Jim Green: What really surprised you about Mars when you were doing the research for your first book, 'The Martian'?
Andy Weir: I had a lot of fun doing the research, and that's always the part of writing that I enjoy the most. I already knew a lot about it to start with because I've spent my life being a space dork. I feel like I'm in a building where that's very much accepted here at NASA Headquarters in D.C. I've always been into it. So, I started with more than a layman's knowledge of this stuff, but among the things that I discovered while researching Mars that I didn't know before was how fast Phobos' orbit really was, how ludicrously close to the planet it is.

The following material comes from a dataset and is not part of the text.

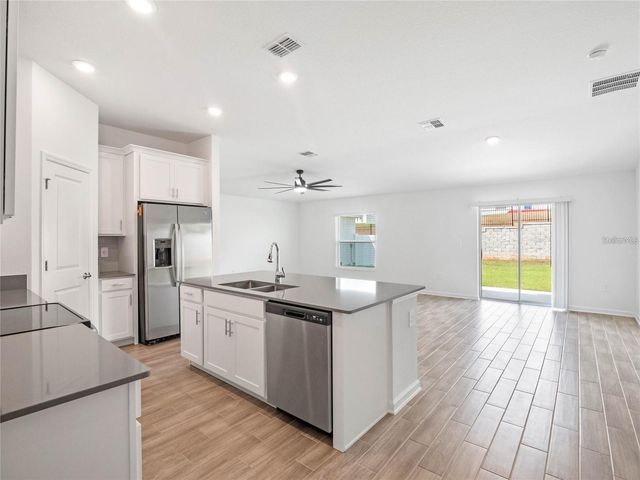 1774 PERCH HAMMOCK LOOP, Groveland, FL 34736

It's well within whatever Mars' geosynchronous orbit is called and, in fact, it's nearing the Roche limit, and it's probably going to be a ring in a few hundred thousand years. So, that means that even though Phobos and Deimos both go the same direction around Mars, if you're on the surface of Mars, they appear to be going opposite directions, because Phobos is going around Mars faster than Mars can rotate. That's one thing I found really interesting.

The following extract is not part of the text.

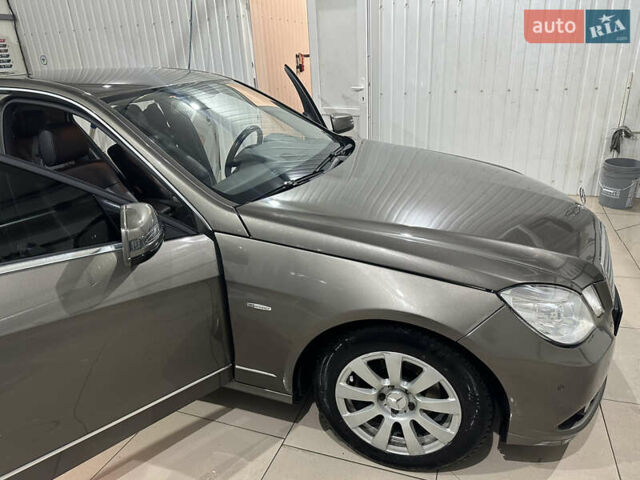 Серый Мерседес Е-Класс, объемом двигателя 2.2 л и пробегом 280 тыс. км за 11900 $, фото 11 на Automoto.ua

I was also fascinated by Olympus Mons on Mars, the tallest mountain in the Solar System, but it also has an incredibly wide base, almost the size of the state of Texas. The grade is so gradual that the curvature of the planet actually has more of an effect on the horizon than the grade. So, you could be standing on the slopes, for lack of a better word, of Olympus Mons, and you would think you're on a flat plain.
Jim Green: Yeah, it's really spectacular, and this is one of the features that a lot of our scientists point to that says Mars doesn't have plate tectonics. And so, as magma just pokes through the surface, it just sits there and accumulates. But then—
Andy Weir: — Well, I'm going to interrupt you there because recently, within the past year, they [scientists] were able to prove that Mars had an active volcano that lasted on the order of over two billion years, maybe. And the way they were able to prove that is by examining a specific shergottite, a meteorite that had fallen to Earth but originated on Mars. They were able to analyze that and prove that it came from basically the same lava source that these other shergottites came from, and that proved that the same lava source had been active for two billion years. Well, that shergottite that they did the proof with? I have a shergottite at home, a Mars rock at home that was a little gift from me to me with my 'Martian' money. I have it at home and it is that same on, a different piece from the same fall, but it's the same meteorite. So, it was funny when I was reading that news, because of course, I read space news. I was like, it's from this [meteorite] NWA7635 — wait, that sounds familiar, so I go into my living room and look at the little plaque that I have, because of course, I have it in a little display case, and that's my meteorite.
Jim Green: Hang onto it!
Andy Weir: Well, I'm not going to be giving it away. It cost a lot.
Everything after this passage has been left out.